Patient pathways for S. mansoni-related morbidity management

During the interactive group discussions on mapping patient pathways, participants discussed current procedures within the health systems including how patients are managed from triage, to diagnosis, to treatment, to referral and to follow-up. It was evident that patient pathways for schistosomiasis morbidity care exist in most health facilities but are not standardized. For instance, one group in Mayuge district explained that: ‘At our triage point we take oxygen saturation and temperature… We take a detailed history: If they [patients] vomited blood, if they have abdominal pain, previous medical history of malaria, HIV…’

The participants however noted that health workers had limited written protocols and standard referral and feedback procedures. It was also reported that many patients fail to reach referral centers due to high transport costs while others self-refer to private or faith-based hospitals.

‘How shall the facility get feedback on the ultrasound result when the client is referred to another facility?’ (Participant, Mayuge)

‘Patients are often referred without feedback, and no one tracks if they reach the next facility.’ (Participant, Mayuge)

‘Sometimes [patients] are given appointment days to go to see a doctor in Pakwach - but cannot go due to lack of transport.’ (Participant, Pakwach)

Triage and clinical assessment were described as weak, with minimal physical examination such as abdominal palpation. While private hospitals were reported to have the equipment and capacity to manage schistosomiasis-associated morbidity, they lacked standardized clinical guidelines and references to classify schistosomiasis-related morbidity. As a result, care often depends on the experience and judgment of the individual clinician.

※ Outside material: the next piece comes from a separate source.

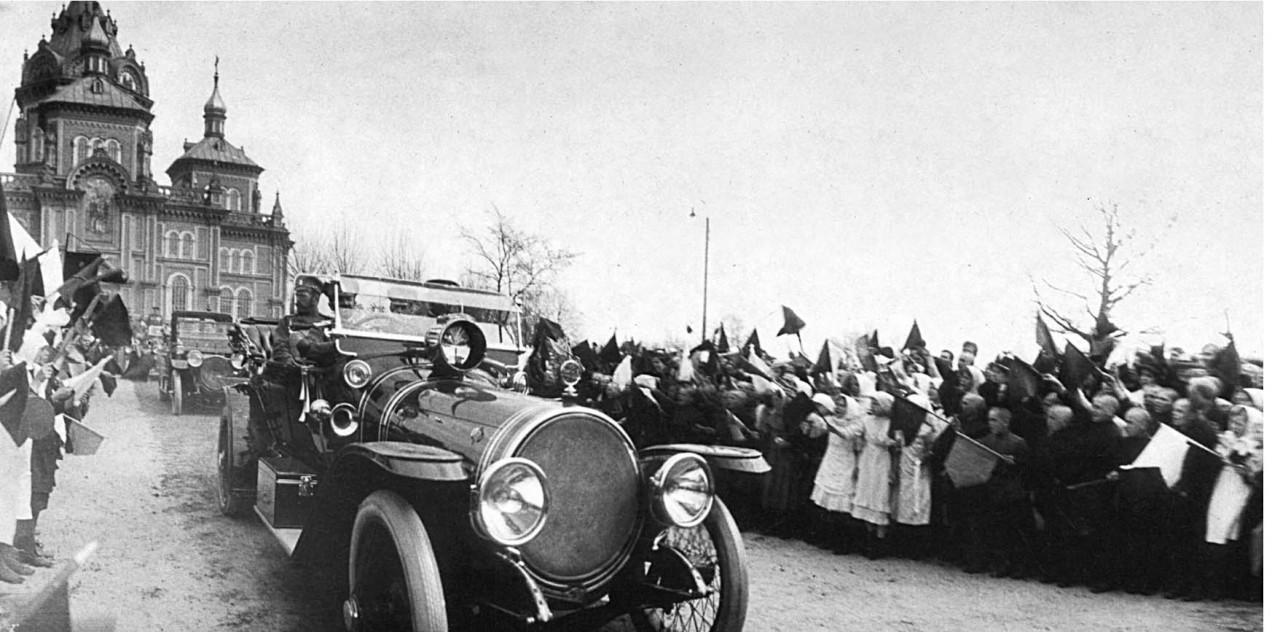 Этот день 100 лет назад. 09 ноября (27 октября) 1912 года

‘The private hospital has a sonographer, they [doctors] don’t have a reference to determine if something is abnormal or not, they go on with what the sonographer says.’ (Participant, Mayuge)

There is no mechanism for systematic morbidity monitoring, and schistosomiasis cases were not captured in the National Health Management Information System (HMIS).

‘The ministry of health HMIS does not capture schistosomiasis, it is lumped together under gastrointestinal disorders… so we cannot track the disease.’ (MoH, Pakwach)

Additionally, it was highlighted that there was a need to agree on the categorization and risk management of emergency and chronic cases. A schistosomiasis expert attending the workshop in Mayuge advised, ‘We need to categorise risk in patients even without symptoms.’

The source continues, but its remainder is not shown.